The most influential ideas in higher education was put forward by Biggs (1999) in his Constructive Alignment theory. It underpins the current requirements for program specification, declarations of intended learning outcomes and assessment criteria, and the use of criterion based assessment (HEA 2010). The term constructive alignment come from the two main premises of the theory i.e.
students construct meaning from what they do to learn (Constructive)
the teacher aligns the planned learning activities with the learning outcomes (Alignment)
Fig 1. Aligning learning outcome, learning and teaching activities and the assessment. (Biggs 1999)

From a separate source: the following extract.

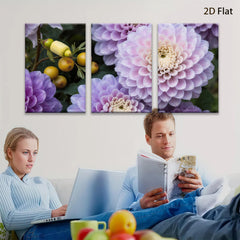 2D flat 1pc Purple Chrysanthemum Bloom Floral Garden Wall Art Decor Living Room Bedroom Canvas Prints farmhouse style modern minimalist botanical artwork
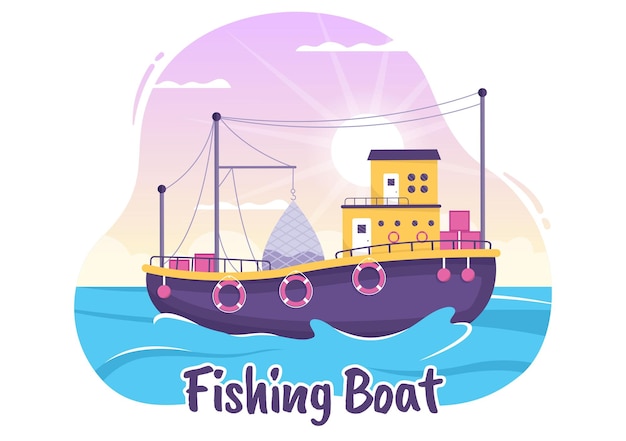 Fishing boat illustration with fishermen hunting fish using ship in hand drawn vector templates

The learning and teaching activities can be managed by the teacher, the group of students or self managed by a single student as best suits the intended learning outcome. The intended learning outcomes fit a number of criteria that can be measured to determine the effectiveness of the teaching activities.
The very best outcomes that could be reasonably expected - reflect, hypothesize
Highly satisfactory outcomes - solve complex problems, explain complex ideas, apply in practice
Quite satisfactory outcome - solve basic problems, explain basic ideas, use standard procedures
Minimally Acceptable outcomes and applications; inadequate but salvageable higher level attempts
The verbs used in each category allow the student to understand what is expected. The grades awarded for any assessment are then based on these learning outcomes and are criteria based so that the student can easily determine what objective must be met to meet a specific grade. This also enables feed back to the student as it will be much easier for the lecturer to explain what objectives have been missed.
Fig 2. Map illustrating the main steps in constructive alignment (Higher Education Academy 2010).
Like process theory constructive alignment is an iterative process that allows continual modification to the curriculum. Constructive alignment however allows the alignment of teaching activities and content with the intended outcomes and also provides a measurable way of determining if the intended learning outcomes are met, while allowing the student a voice in the whole process. Constructive alignment seems to provide the best approach to fitting the criteria provided by the BCS and QAA and also in providing the student with the best possible experience and learning environment that constantly evolve depending on the students and the teacher.